Records from a data source:

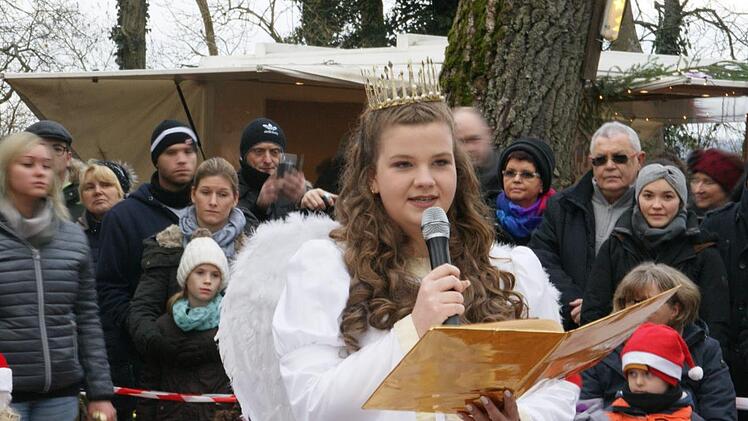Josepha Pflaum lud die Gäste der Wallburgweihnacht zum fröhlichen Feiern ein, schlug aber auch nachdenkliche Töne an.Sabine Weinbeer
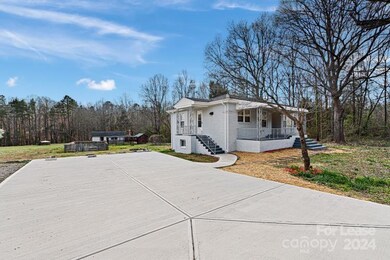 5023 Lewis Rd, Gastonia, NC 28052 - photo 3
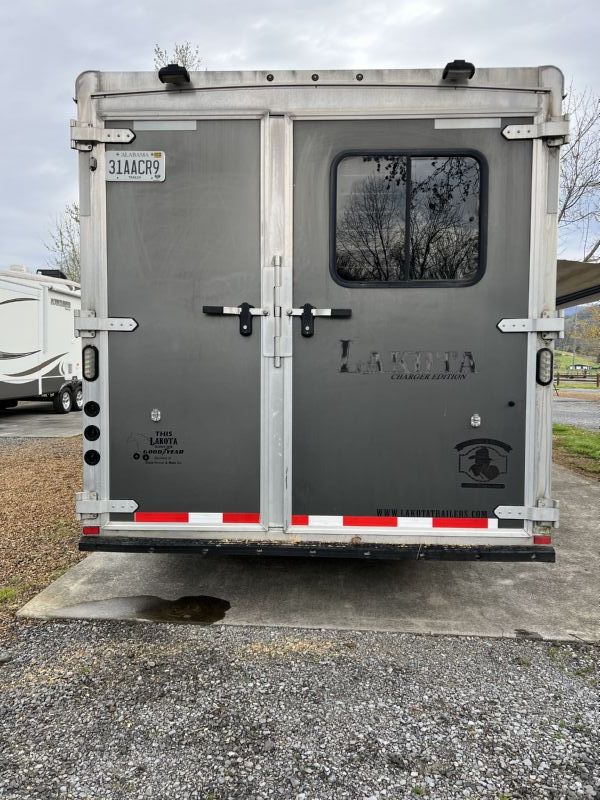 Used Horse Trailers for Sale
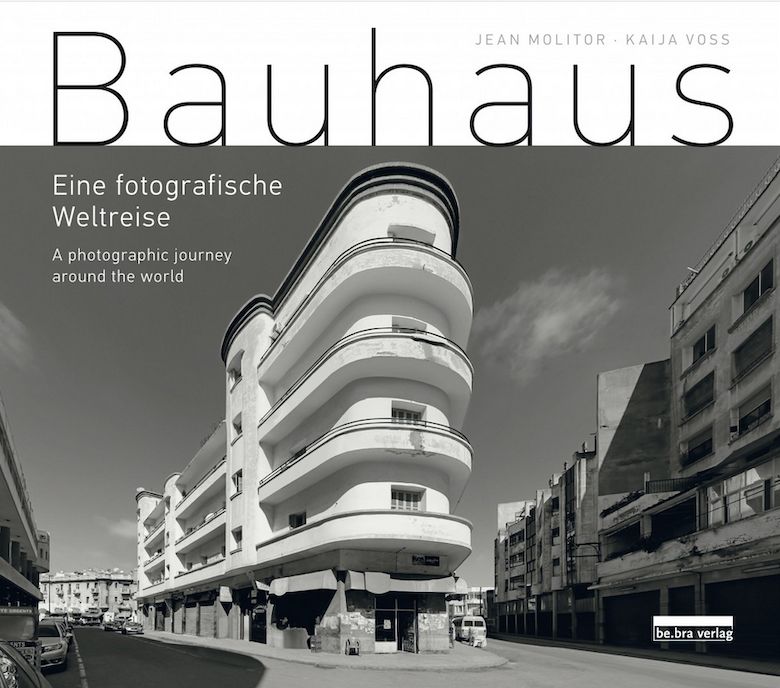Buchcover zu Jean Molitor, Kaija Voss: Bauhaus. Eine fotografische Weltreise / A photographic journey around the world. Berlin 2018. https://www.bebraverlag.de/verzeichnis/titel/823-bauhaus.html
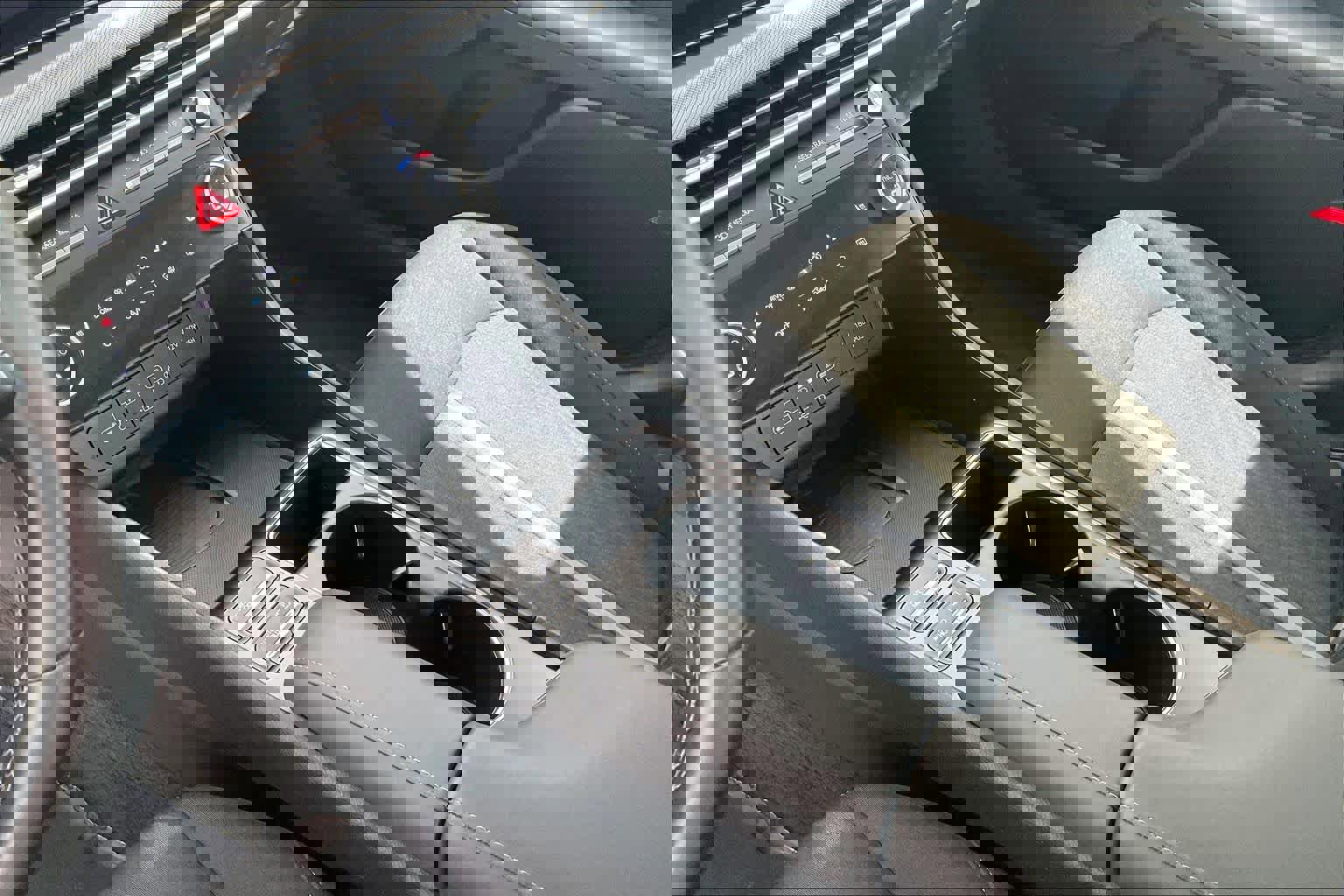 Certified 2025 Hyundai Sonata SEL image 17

# REQUIRED ACTION
Once the images are removed, print the remaining data exactly as it appears above.

# RESPONSE
Josepha Pflaum lud die Gäste der Wallburgweihnacht zum fröhlichen Feiern ein, schlug aber auch nachdenkliche Töne an.Sabine Weinbeer
 5023 Lewis Rd, Gastonia, NC 28052 - photo 3
 Used Horse Trailers for Sale
Buchcover zu Jean Molitor, Kaija Voss: Bauhaus. Eine fotografische Weltreise / A photographic journey around the world. Berlin 2018. https://www.bebraverlag.de/verzeichnis/titel/823-bauhaus.html
 Certified 2025 Hyundai Sonata SEL image 17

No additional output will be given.